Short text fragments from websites
-----

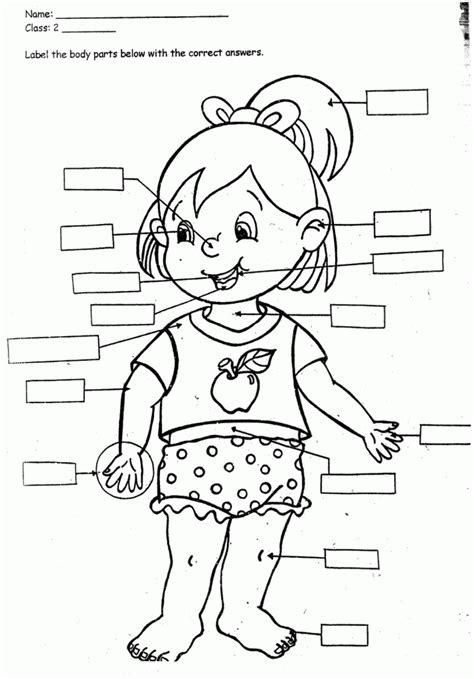 drawing  body parts  kids clip art library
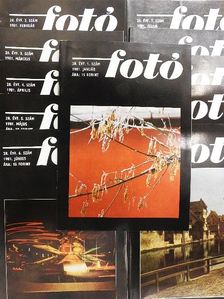 Botta Dénes - Fotó 1981. (nem teljes évfolyam) [antikvár]
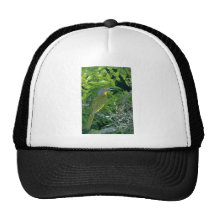 Greyheaded Bush Shrike Netzkappen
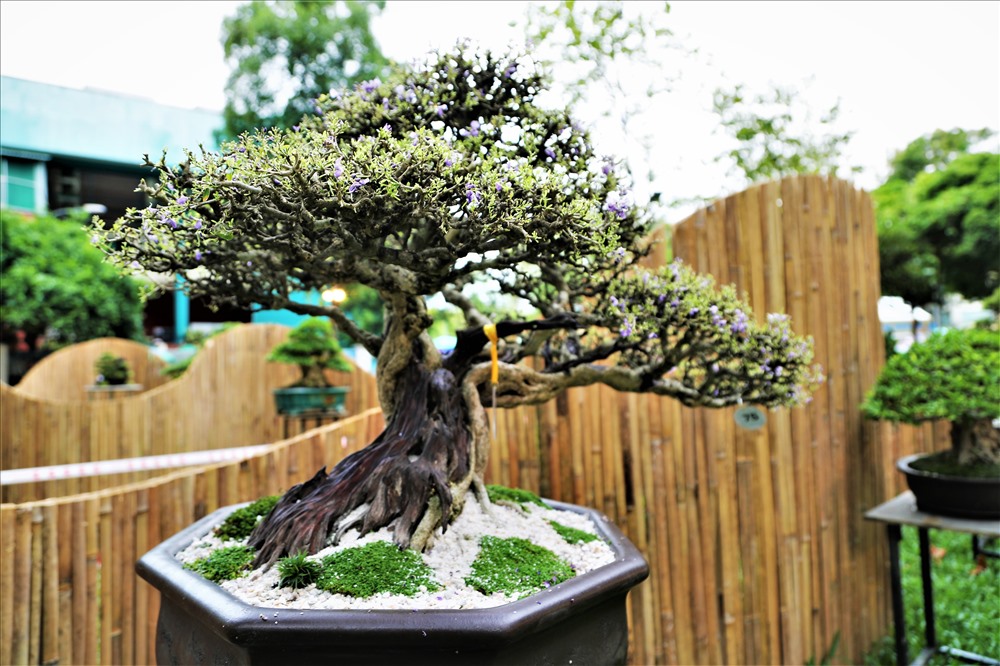 Những cây bonsai có tuổi đời hàng chục năm được các nghệ nhân chăm sóc có giá hàng hàng trăm triệu đồng nay được trưng bày để người dân tham quan, chụp ảnh. Ảnh: Trường Sơn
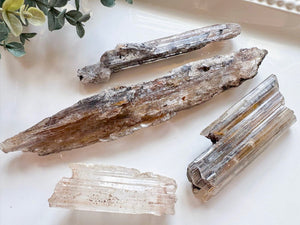 Naica Selenite Sticks with Inclusions || Naica Mine Chihuahua, Mexico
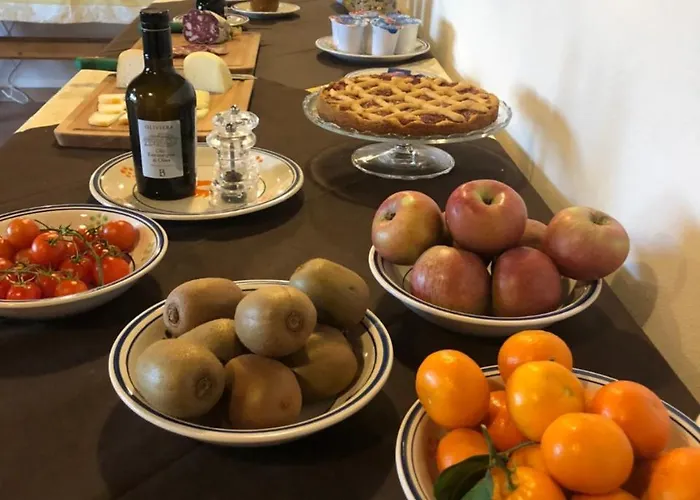 Alloggio per agriturismo Oliviera Winery *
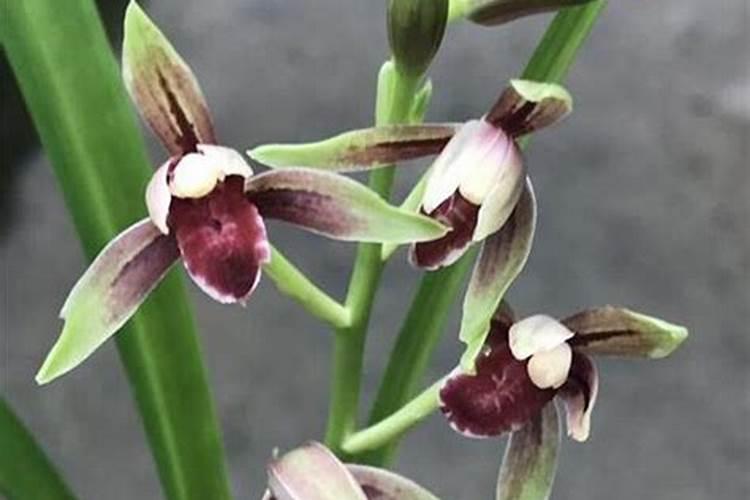 兰花什么时候施氮磷钾？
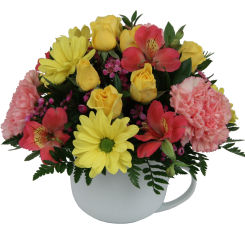 Budget Flowers Collection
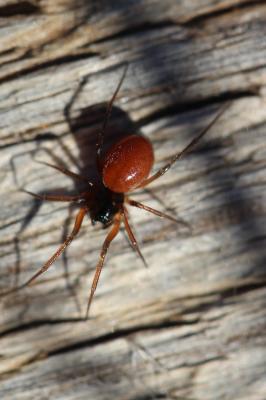 Érigone cul-noir Ostearius melanopygius (O. Pickard-Cambridge, 1879)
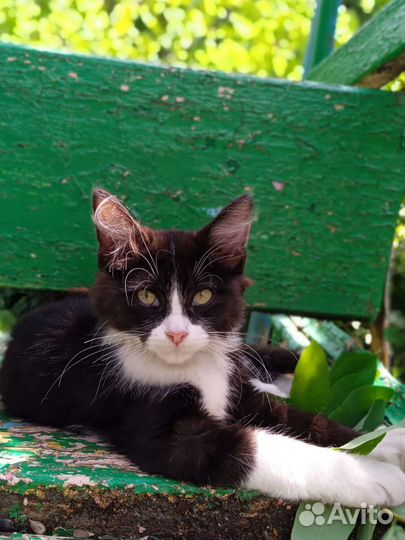 Кот Тимофей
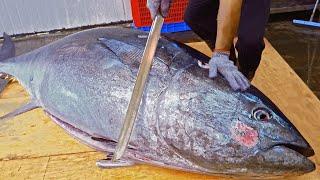 World's Sharpest Tuna Knife！Amazing Giant bluefin tuna cutting Master / 驚人的！巨大黑鮪魚切割技巧, 黑鮪魚大腹-Sashimi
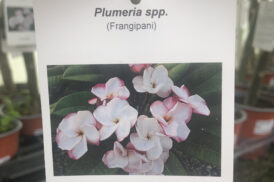 Plumeria Rubra Pink pansy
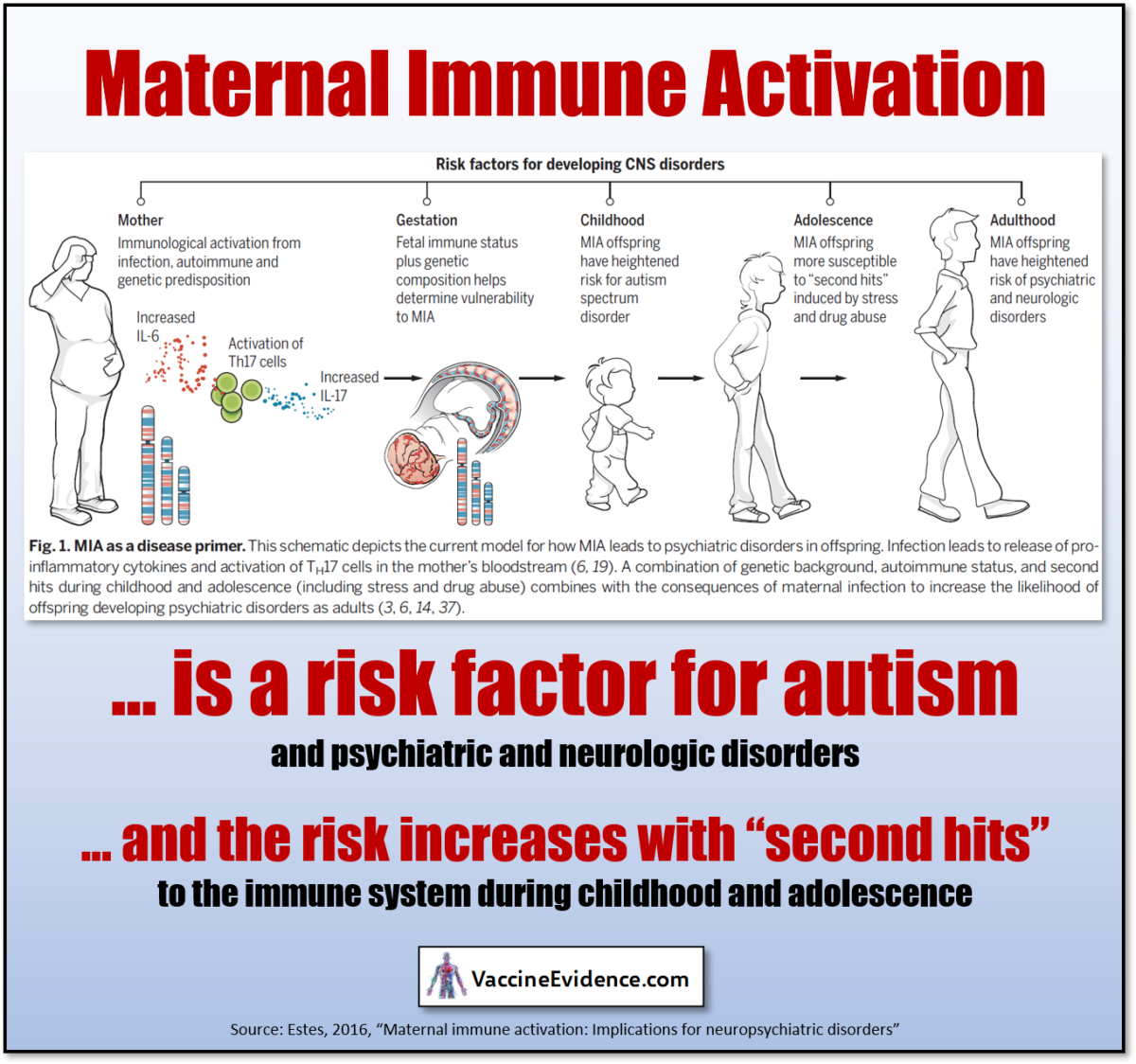 Maternal Immune Activation causes Autism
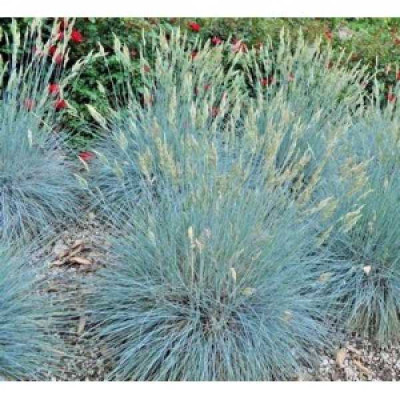 FESTUCA glauca Bleu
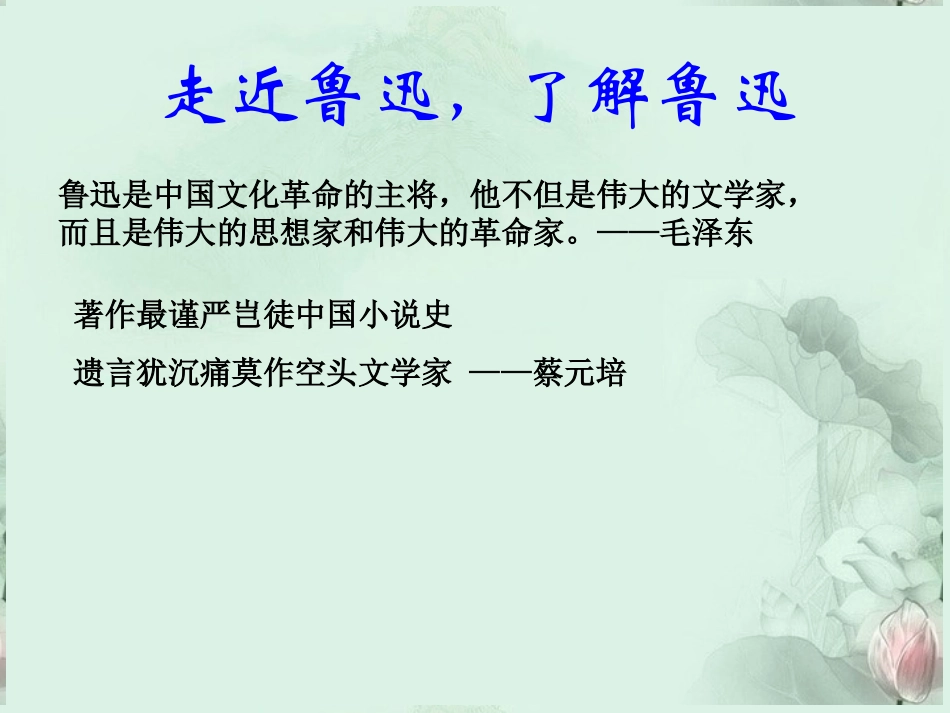 高二语文(风波)课件 新人教版 课件_第2页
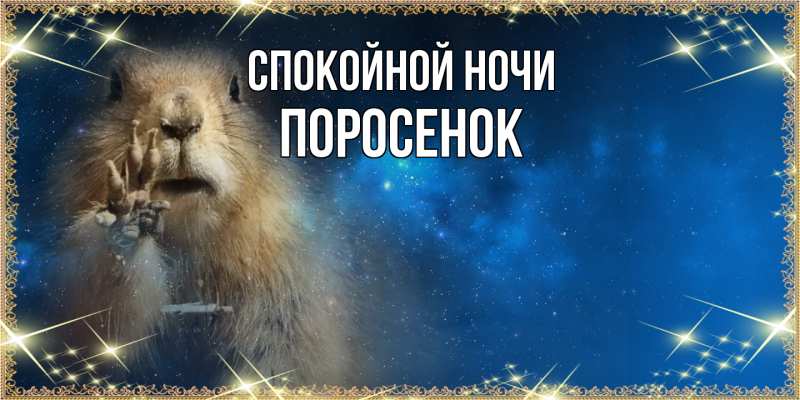 Картинка Спокойной ночи, Поросенок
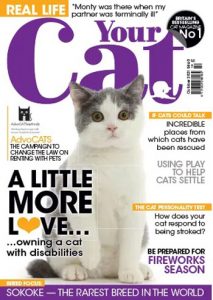 مجله-Your-Cat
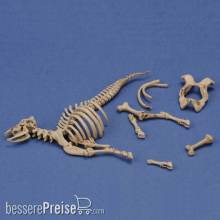 Royal Model RM1048 - Cow skeleton n.3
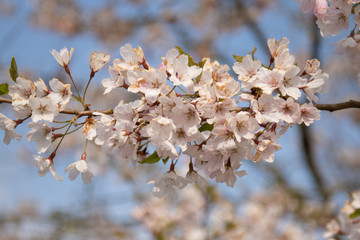 Cherry Blossom 1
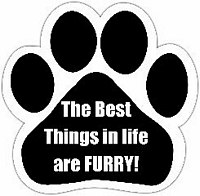 PAW PRINT MAGNET BEST THINGS IN LIFE ARE FURRY!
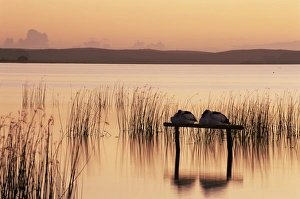 Slumbering Prints: Sleeping pelicans, Lake Albert, South Australia, Australia, Pacific
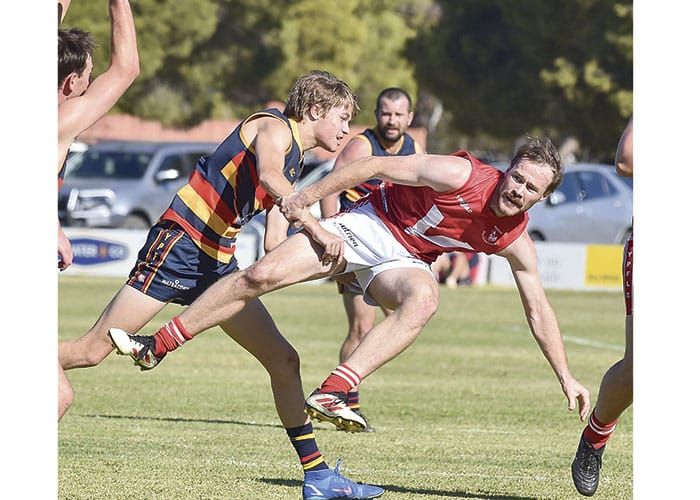 YPFL: Bute boosted to top after close win post image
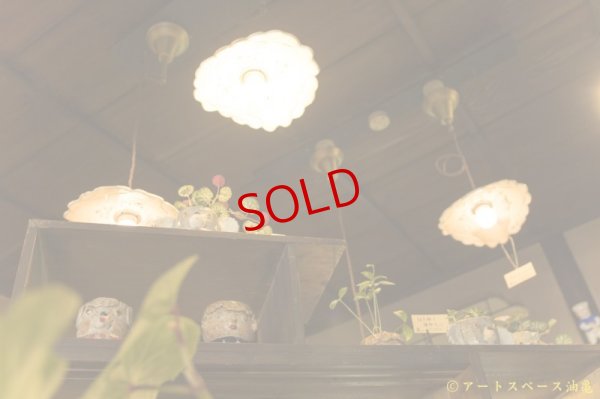 画像9: 増田光　なかよしシェード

-----

### WHAT TO PRODUCE
Retype word for word the span of lines above that begins with the line containing "مجله-Your-Cat" and ends with the last line of the records; skip all pictures.

### FINISHED TASK
 مجله-Your-Cat
 Royal Model RM1048 - Cow skeleton n.3
 Cherry Blossom 1
 PAW PRINT MAGNET BEST THINGS IN LIFE ARE FURRY!
 Slumbering Prints: Sleeping pelicans, Lake Albert, South Australia, Australia, Pacific
 YPFL: Bute boosted to top after close win post image
 画像9: 増田光　なかよしシェード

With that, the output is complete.